First i would advise you not to use hooks on nn.Modules but add them to Tensors: s.register_hook(your_fn). In particular, as you can see in the doc, register_backward_hook is discouraged.

Now in your hook. The gradient will require gradients only if you backardprop with create_graph=True.

I tried s.register_hook(fn) and create_graph = True. Problem is that both input and output of hook function fn still have requires_grad = False and no grad_fn. So I can’t calculate gradient again… (If I register_hook for weights, they do have requires_grad = True and grad_fn)

I know that we can use torch.autograd.grad to calculate higher order gradients for w, but preactivation s is non-leaf variable. Then grad(loss, s) doesn’t have requires_grad nor grad_fn.

It seems that we can only calculate higher order gradients for leaf variables?

For intermediary results, they need to require gradients for you to be able to compute gradients on this.

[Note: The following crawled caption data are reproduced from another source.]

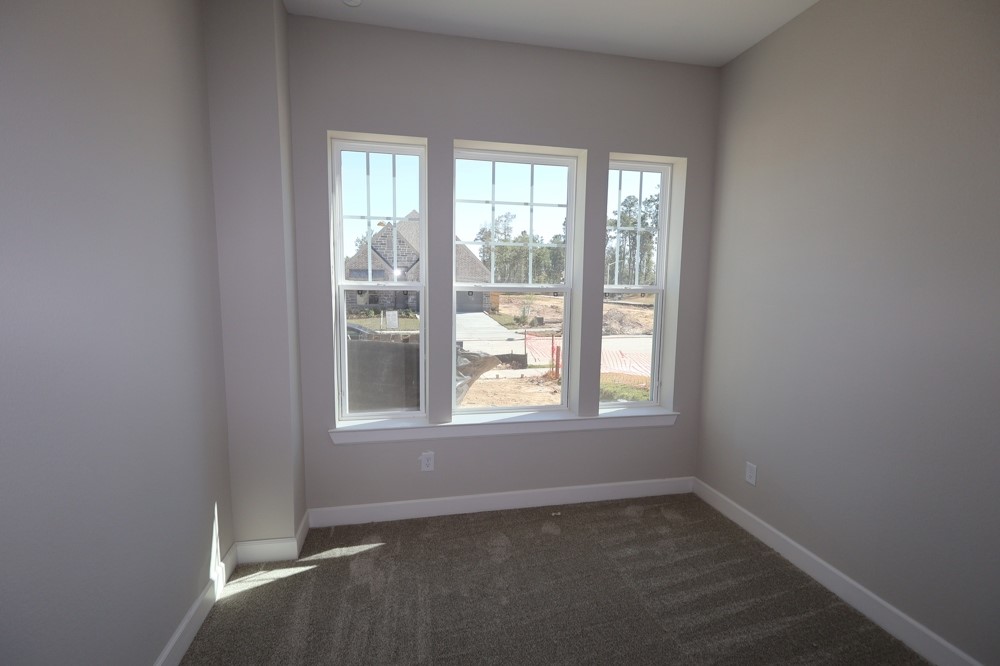 18115 Ramsey Way Lane Property Photo 6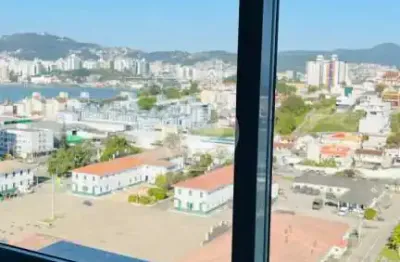 Apartamento 02 dormitórios sendo 1 suíte na melhor localização do estreito pronto para morar codigo: 142662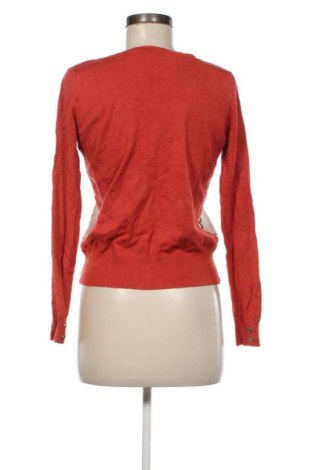 Cardigan de damă Morgan, Mărime S, Culoare Multicolor, Preț 69,99 Lei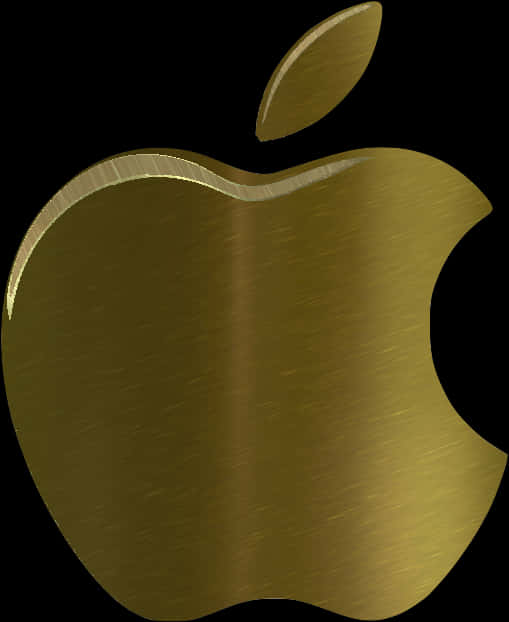 Apple Logo Png 509 X 622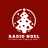 Radio Noel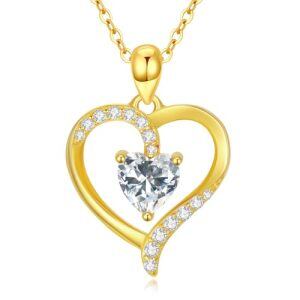 04-April-Created Diamond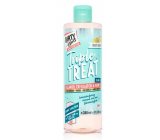 Dirty Works Triple Treat 3 in 1 foaming make-up remover and mask 350 ml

If they don’t during the forward pass, you need to add it with .requires_grad_() before continuing the forward pass.

import torch
def get_hook(msg):
def hk(x):
print("Does {}'s grad requires grad?".format(msg))
print(x.requires_grad)
return hk
x = torch.randn(16, 5, requires_grad=True)
x.register_hook(get_hook("x"))
w = torch.randn(5, 3, requires_grad=True)
w.register_hook(get_hook("w"))
s = torch.mm(x,w)
s.register_hook(get_hook("s"))
y = s.sum()
# use retain_graph=True to be able to call backward multiple times
y.backward(retain_graph=True)
print("All 3 hooks are called and all print False")
# Asking for graph to be created and set the grad output to requires_grad=True
go = torch.ones((), requires_grad=True)
y.backward(go, create_graph=True, retain_graph=True)
print("All 3 hooks are called and all print True")
# Asking for graph to be created but the grad output has requires_grad=False
y.backward(create_graph=True, retain_graph=True)
print("All 3 hooks are called and s print False but x,w print True")
# This is because go does not require gradients, so the gradient of s doesn't either
# But in the mm, x is used to compute the gradient of w, so the gradient of w requires gradients.